··· Provided entries

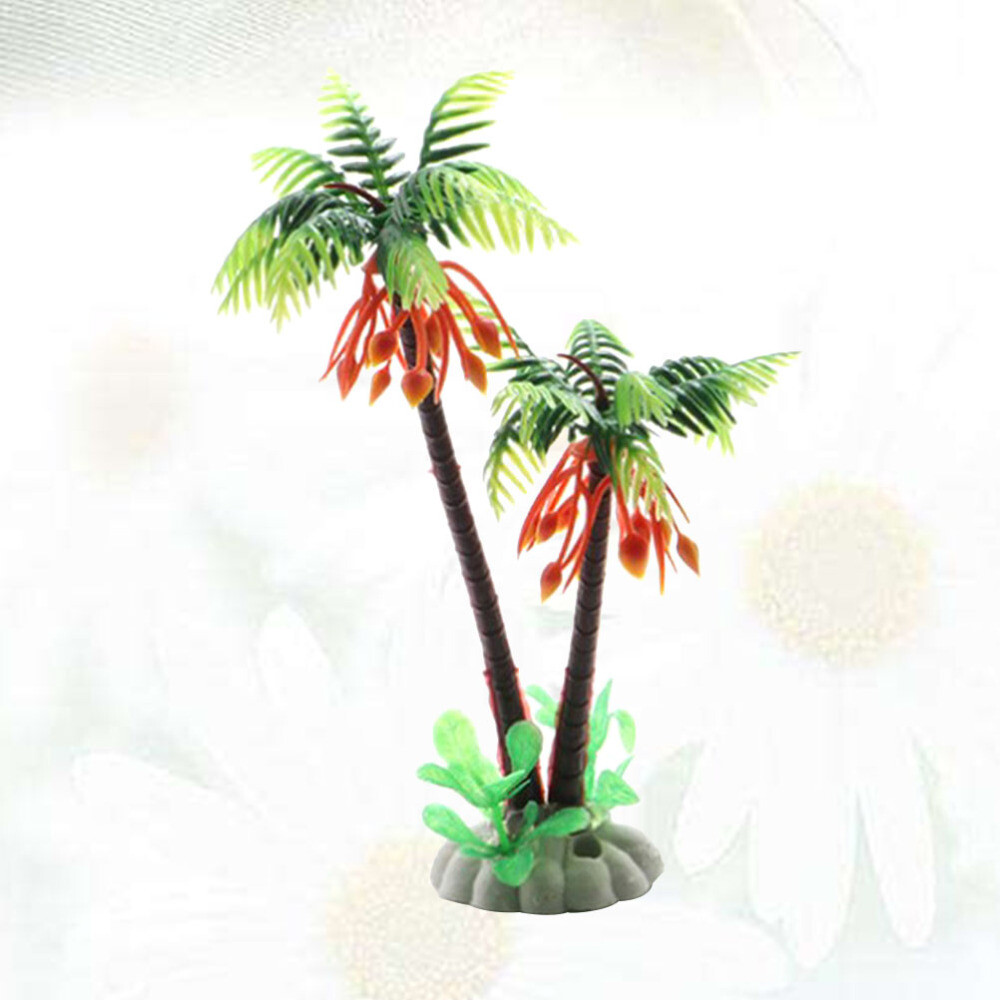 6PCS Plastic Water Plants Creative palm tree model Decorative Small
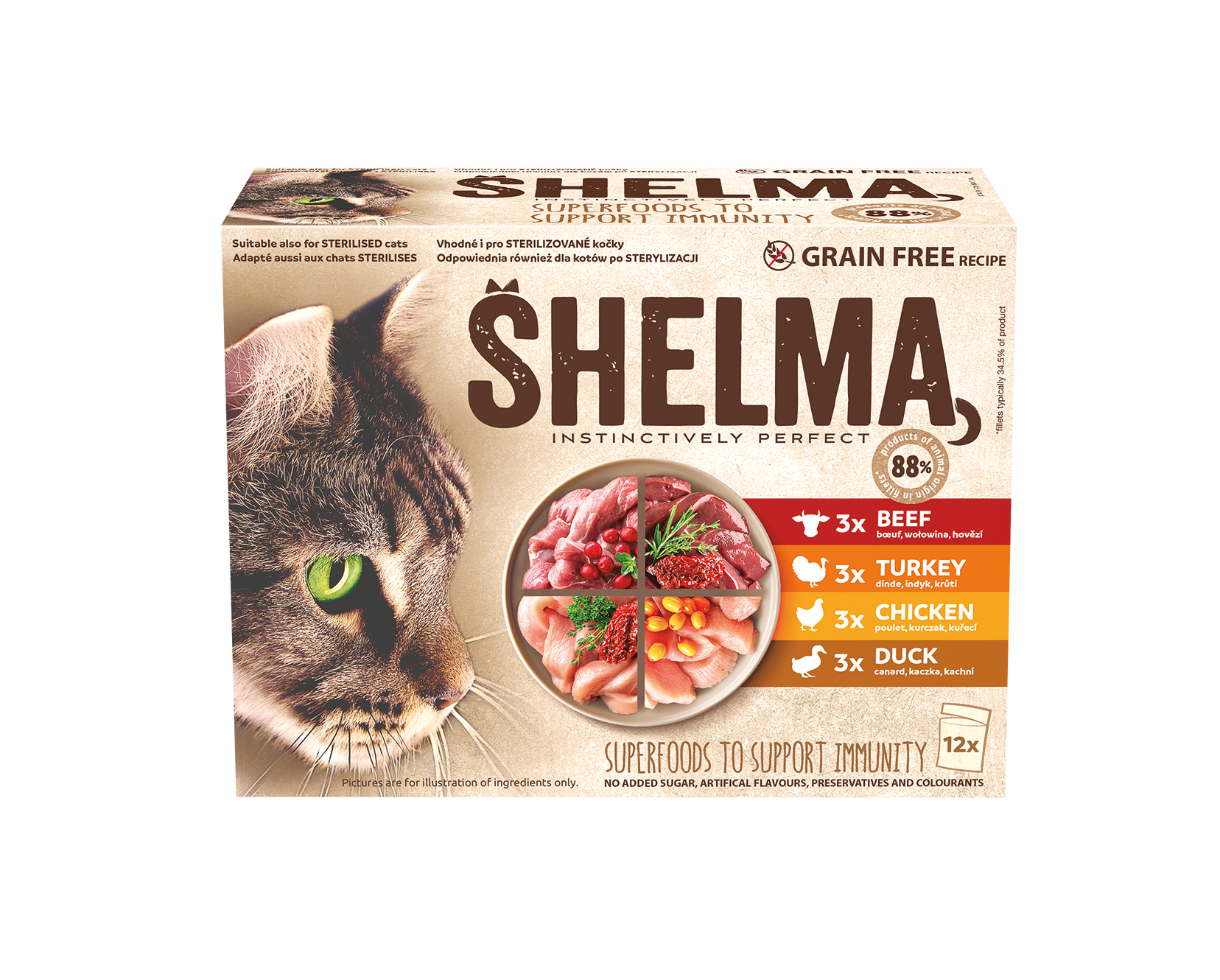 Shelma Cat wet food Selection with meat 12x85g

······
··· Provided entries

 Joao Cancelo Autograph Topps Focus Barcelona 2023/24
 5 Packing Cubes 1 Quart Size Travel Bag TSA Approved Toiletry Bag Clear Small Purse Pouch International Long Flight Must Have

······
··· Provided entries

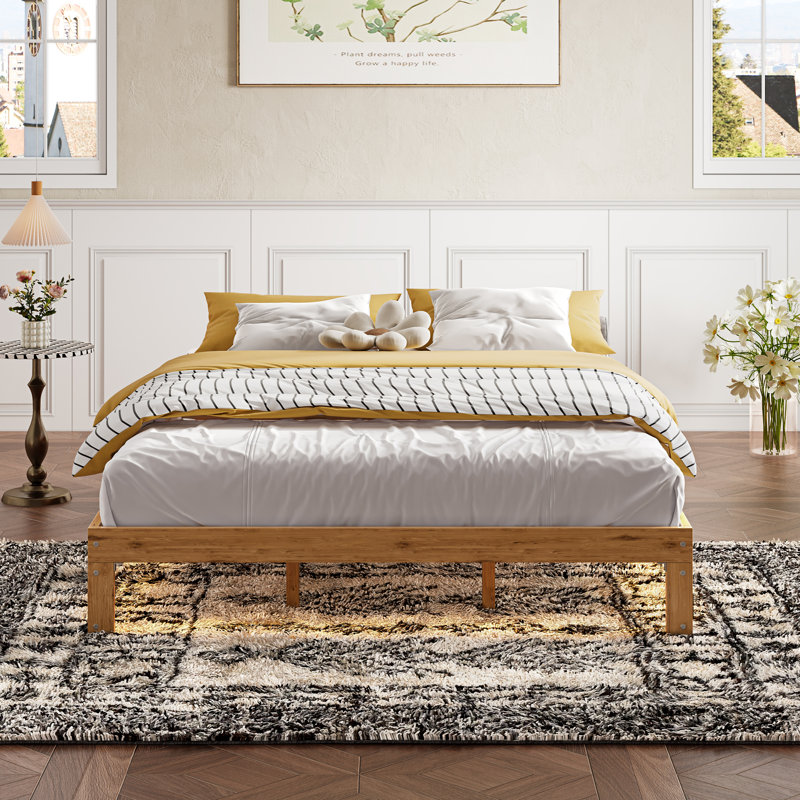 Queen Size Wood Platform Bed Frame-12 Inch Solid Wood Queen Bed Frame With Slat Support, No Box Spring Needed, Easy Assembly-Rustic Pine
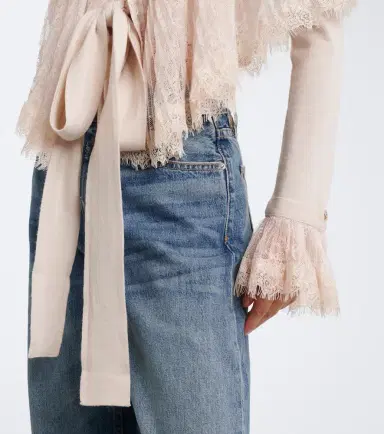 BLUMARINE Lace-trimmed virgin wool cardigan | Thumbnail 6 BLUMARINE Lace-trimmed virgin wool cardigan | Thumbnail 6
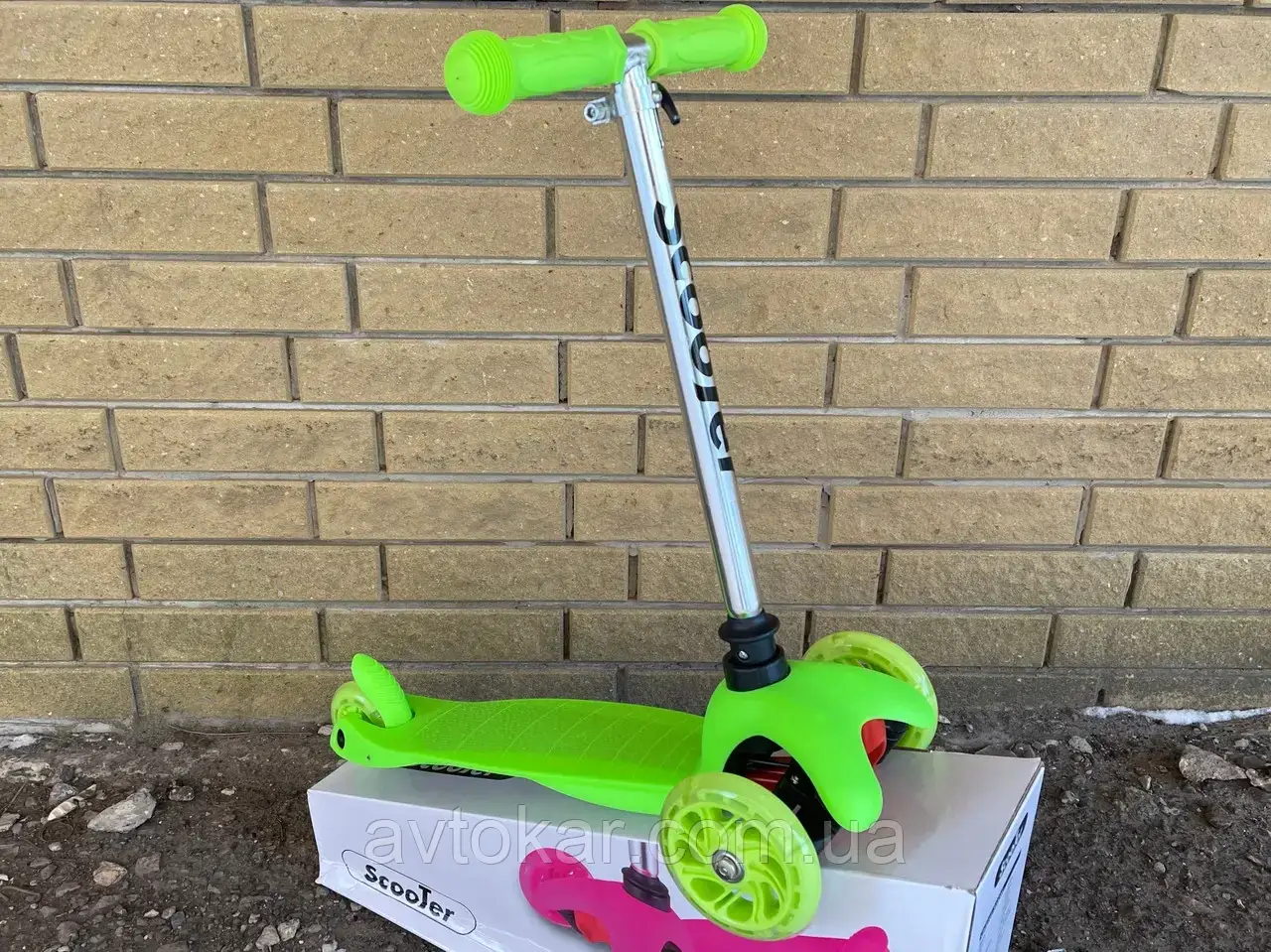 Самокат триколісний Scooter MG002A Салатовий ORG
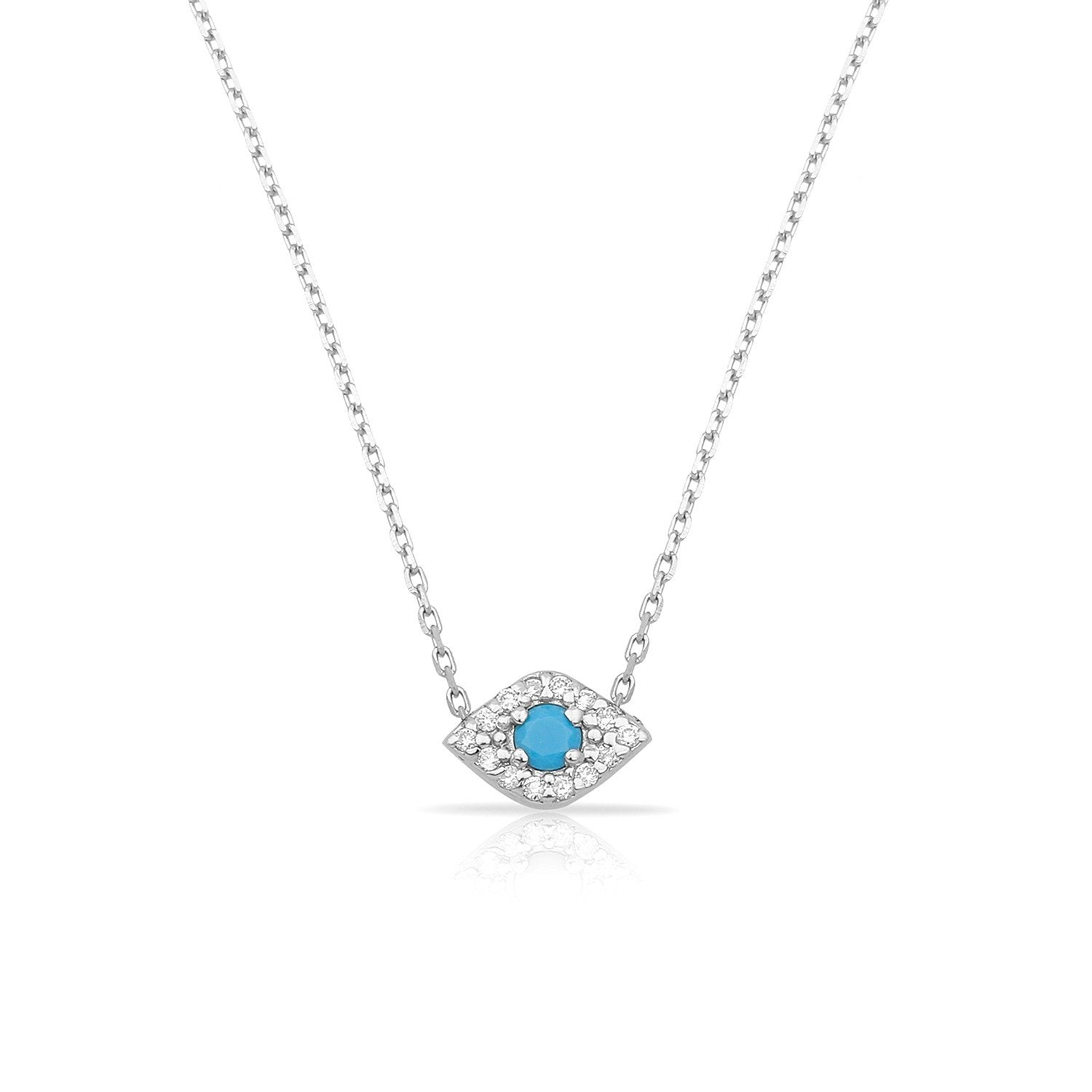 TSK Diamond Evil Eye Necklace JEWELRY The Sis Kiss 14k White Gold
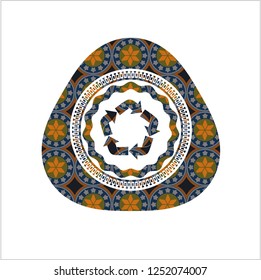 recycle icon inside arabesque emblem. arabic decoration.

······

Both boundary lines included, write out word for word only the lines above from the one containing "6PCS Plastic Water" to the one containing "Shelma Cat wet", leaving out any pictures.

### Output for this task
 6PCS Plastic Water Plants Creative palm tree model Decorative Small
 Shelma Cat wet food Selection with meat 12x85g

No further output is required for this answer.